The Wake's Progress
You may recall: I wrote a rather scathing assessment of the new National Harbor complex recently (evidence here). There was really nothing "wrong" with the place; my skin naturally crawls with paranoid terror when faced with glitzy "place-making" developments like that.
Instant city-center: poof! Now be happy and go shopping...
It's a matter of taste. To me, the place stank of artificial life; of manufactured opulence and cufflinks and hair-plugs and expense accounts. Classless and gaudy and overdone, like a child's sci-fi exaggerated vision of corporate success. Perhaps I've read too many J.G. Ballard novels (Super-Cannes for instance).

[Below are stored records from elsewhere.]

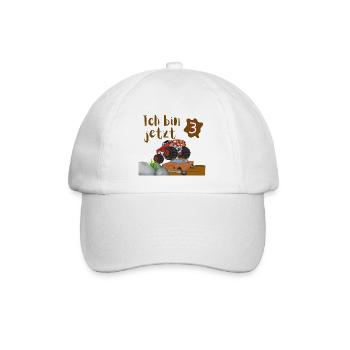 I'm Now 3 – Monster Truck Birthday Shirt - Baseball Cap - white/white - Front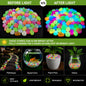 Glow in The Dark Stones 100 Pcs (1 Pack) - Glow Pebbles Aquarium Rocks for Fish Tank, Lawn, Yard, Garden, Walkway & Plant Pots - Rainbow - 1x1cm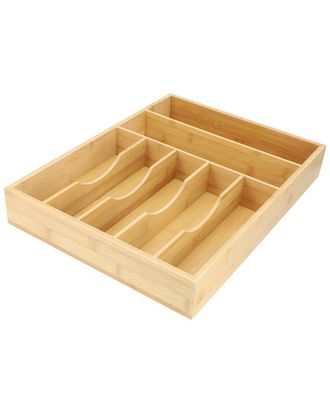 MegaChef Bamboo 7 Section Drawer Organizer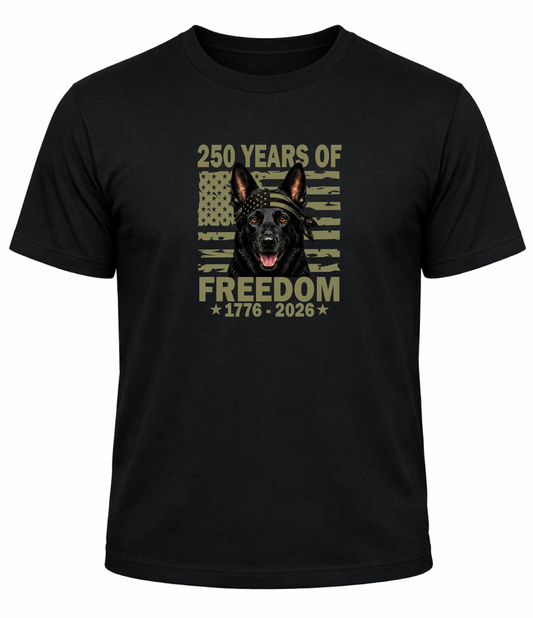 Green Flag German Shepherd T-Shirt | Patriotic GSD Tee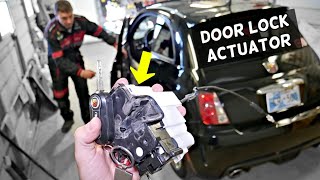 FIAT 500 DOOR LOCK ACTUATOR REPLACEMENT REMOVAL [upl. by Shishko965]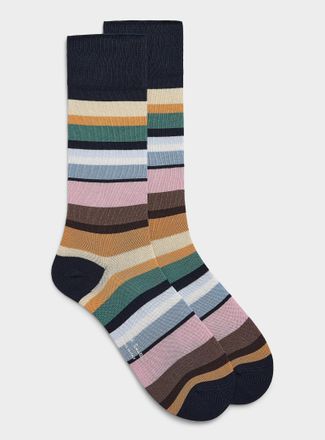 Paul Smith Mens Multi-stripe dress socks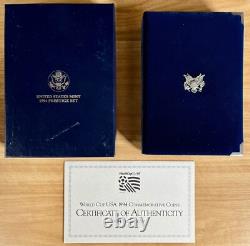 1983-S-1997-S 14 US Mint Prestige Proof Sets Complete Run 1996-S 10.8 ozt Silver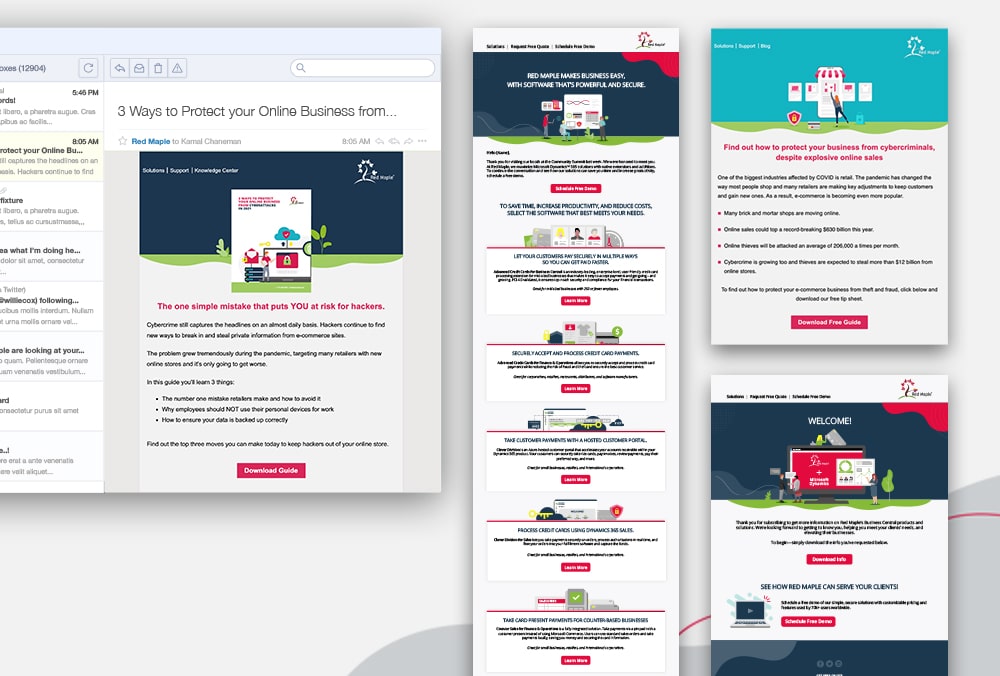 RM Email Mockup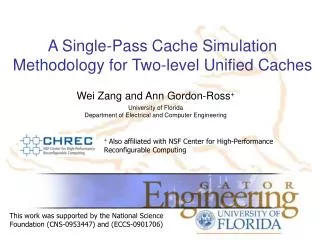 A Single-Pass Cache Simulation Methodology for Two-level Unified Caches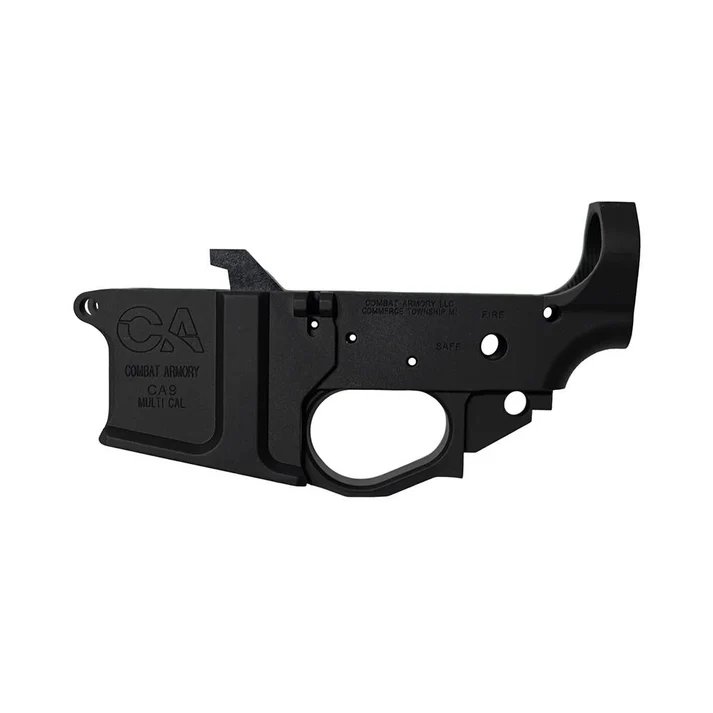 Combat Armory CA9, Stripped Lower Receiver, AR9, Black, Anodized, 7075, Billet. Combat Armory CA9, Stripped Lower Receiver, AR9, Black, Anodized, 7075, Billet.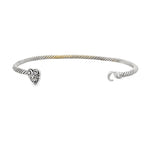 Bangle Bracelet Sterling Silver 18KT Gold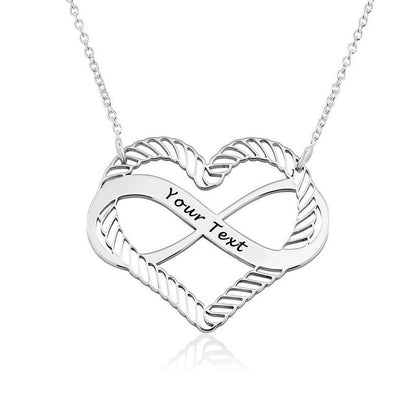 Personalized Heart Necklace for Women Engraved Name Custom Mothers Necklaces Customized Pendant Necklace Gifts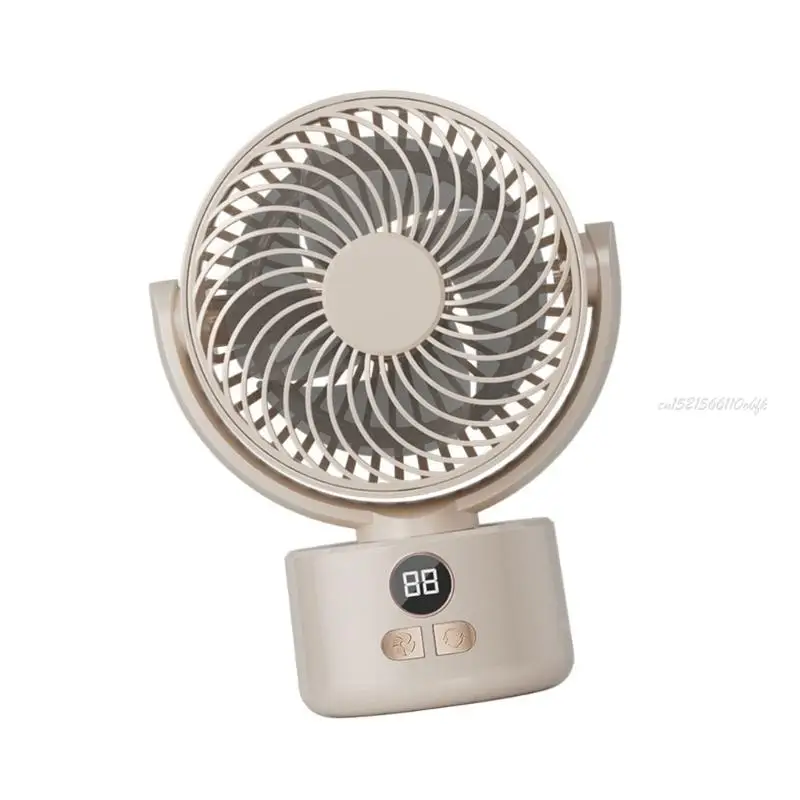 27RB Portable Tripod Camping Fan 3600mAh Rechargeable Digital Display USB Powered Cooling Fan For Home And Adventure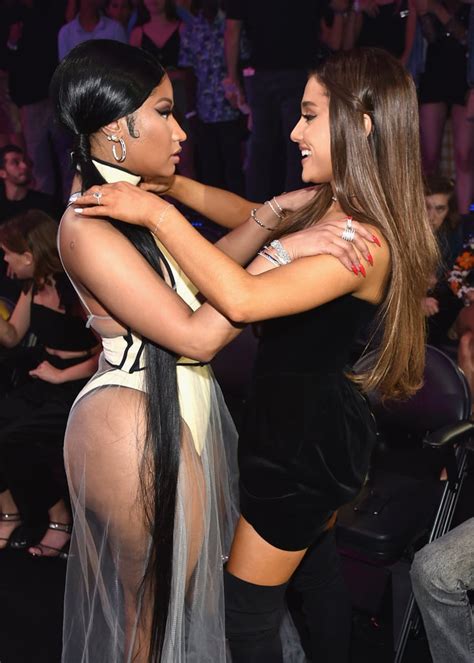 Nicki Minaj And Ariana Grande Best Pictures From The Mtv Vmas
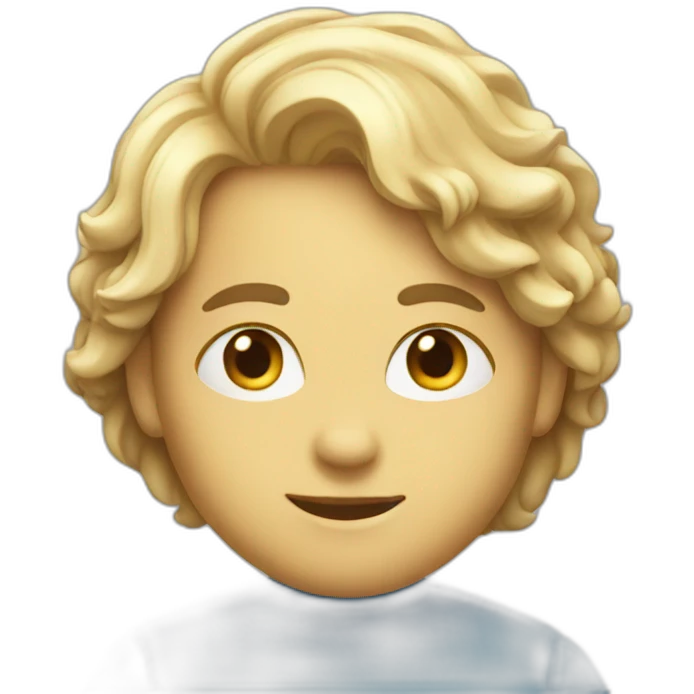 Chat bleu  emoji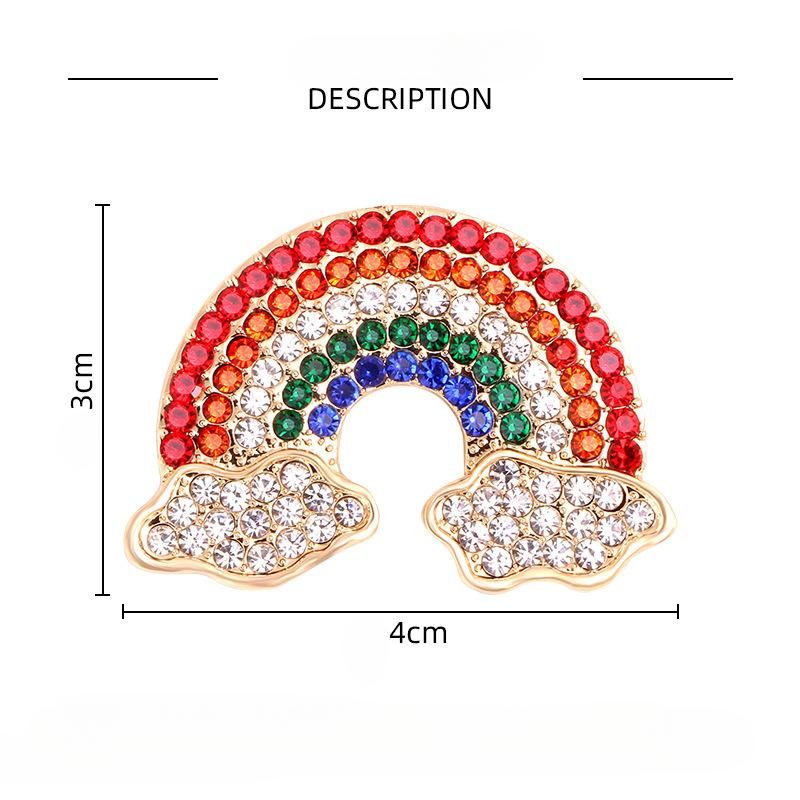 Broșă Pin Curcubeu cu Strasuri Colorate Pentru Femei Unisex Ace Drăguțe Nor Aliaj Petrecere Bijuterii Casual Cadouri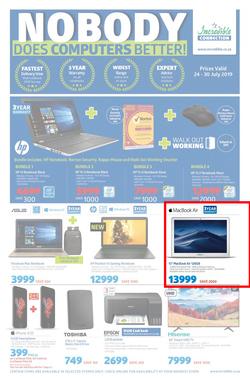 Incredible Connection : Nobody Does Computers Better! (24 Jul - 30 Jul 2019), page 1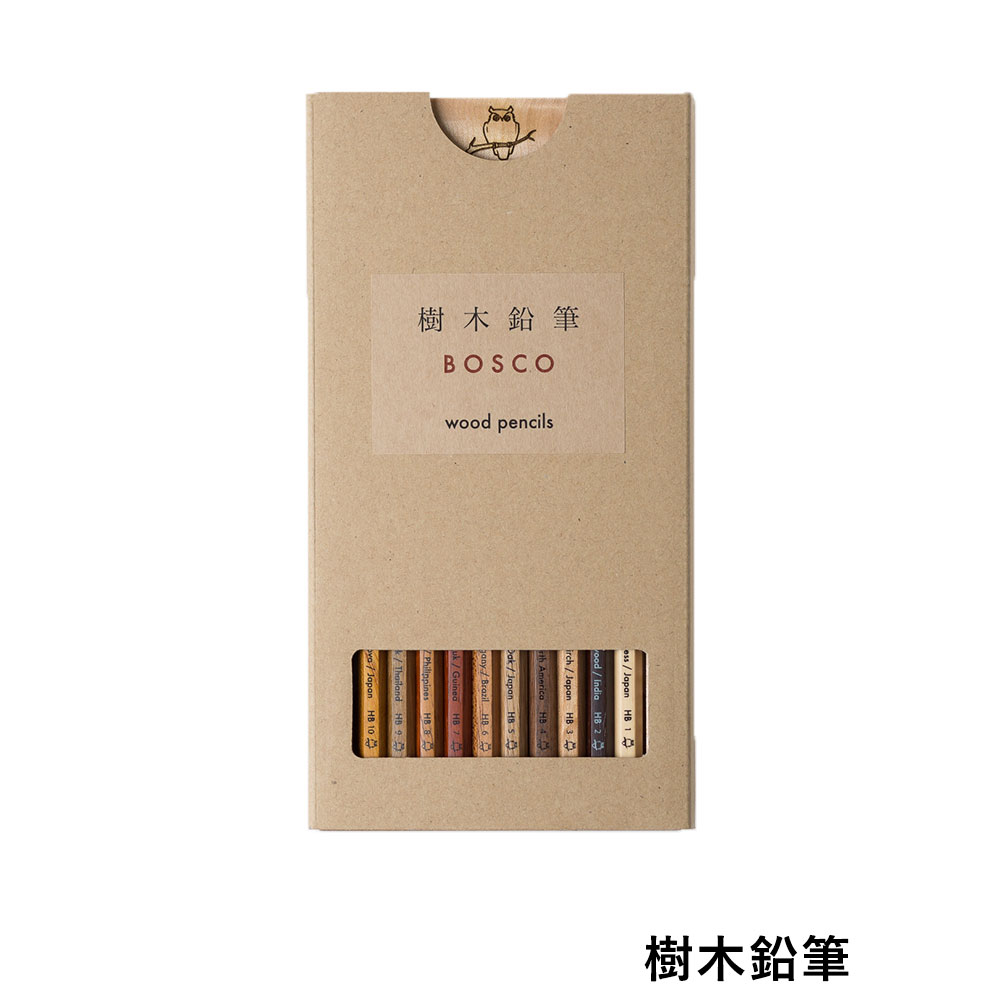 【メーカー直送・代引不可】BOSCO 樹木鉛筆【配送日時指定不可】 鉛筆 ギフト おしゃれ オシャレ 10本セット 入学祝い 卒業祝い 父の日 母の日 誕生日 ...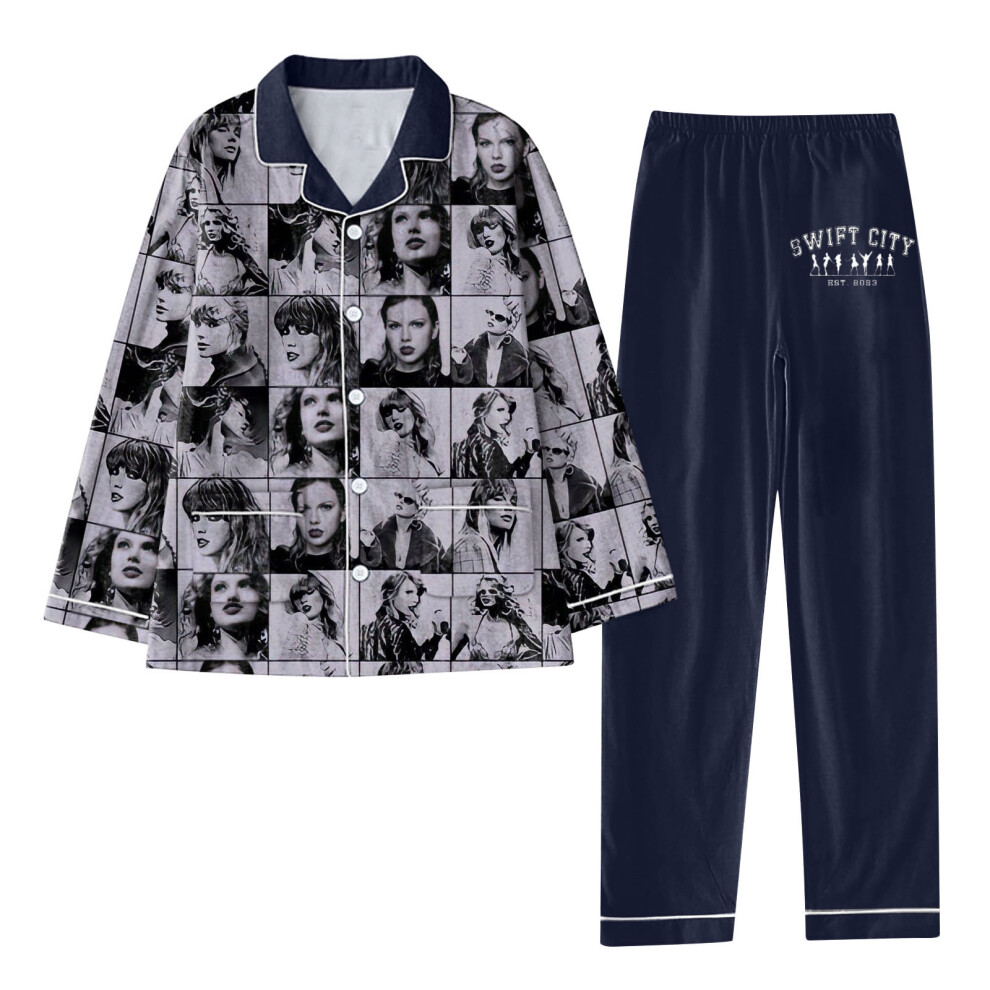 (A5, S) Taylor Swift Christmas Pajamas Set Women 1989 Shirts And Pants Pjs Sets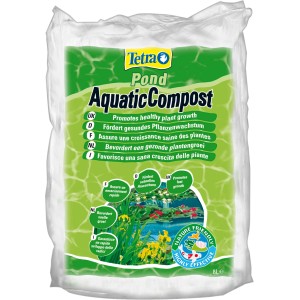 Tetra Aquatic Compost 8l, Pflanzenpflegemittel für gesunde Teichpflanzen.
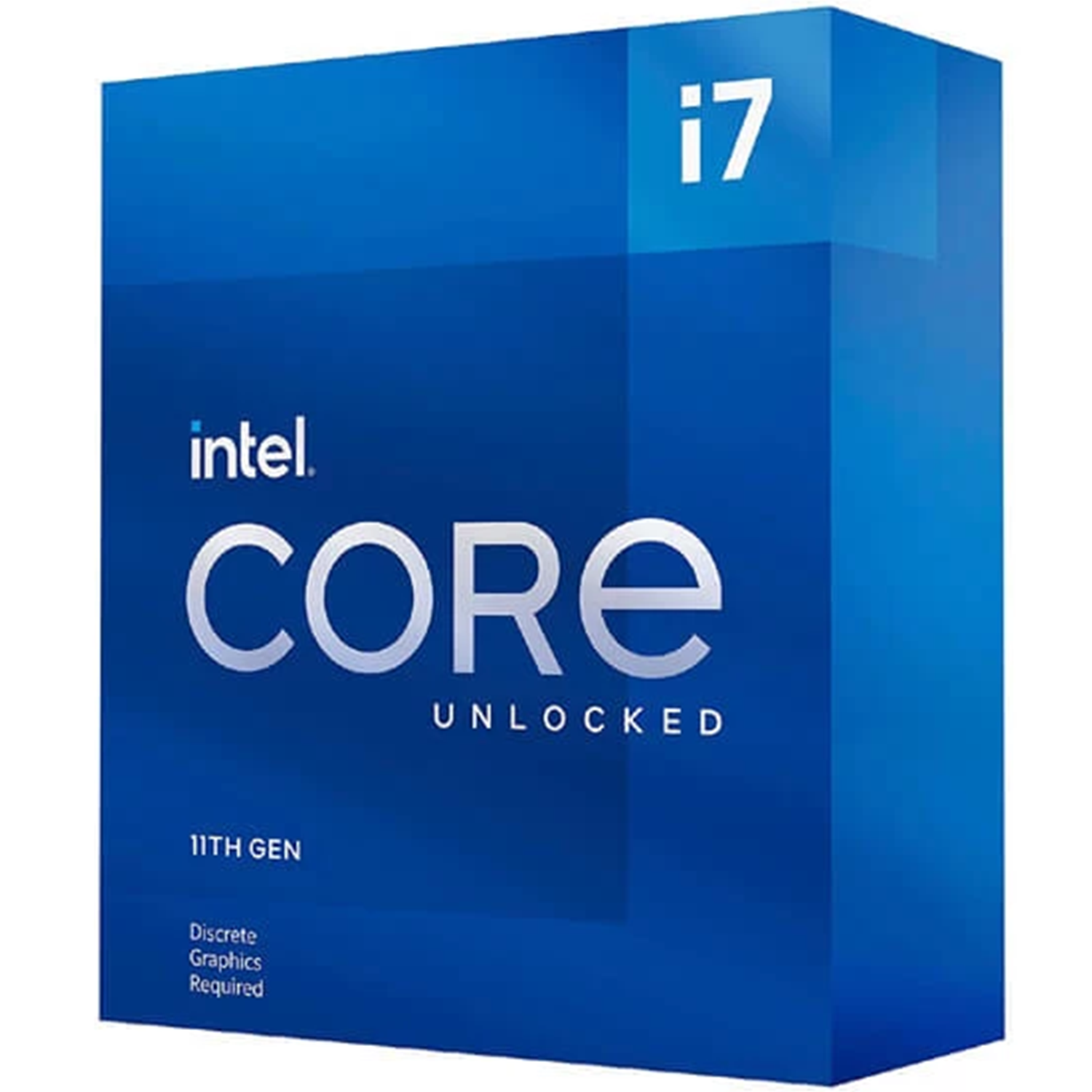 Intel Core i7 - 11700KF - Core i7 11th Gen Rocket Lake 8-Core,16-Thread Up to 5.00 GHz, LGA 1200 Socket, 16 MB Intel Smart Cache, 125W Desktop Processor - (BX8070811700KF)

Then, Mr. T posted a comment which reminded me that The Awakening had been moved out to the new Harbor complex. Aahh, I must have missed it when I was out there looking at the conference halls.
For the unaware: The Awakening is a sculpture of a bearded man, some 100 feet in length, partially embedded in the earth as if he's crawling up from a premature burial; a foot, a leg, pair of arms, and a tremendous head with nostrils flaring and mouth gaping in what could be a yawn. Or a scream. It was originally installed at the end of Hains Point in Washington DC's East Potomac Park, and was to be a temporary fixture there.
My mother took me to see it in 1980 when it was brand new (uh, that would make me.... twelve years old at the time). And it was awesome. The vision of that sculpture stayed with me throughout my years of living in New York, Arizona, and Maine, and when I finally returned to DC, it was one of my top five places to re-visit.
And it seems many folks my age had a similar relationship with that silver psychotic dude in the ground. He was like a pagan deity; raw and intense and he ignited a child's imagination simply by being there.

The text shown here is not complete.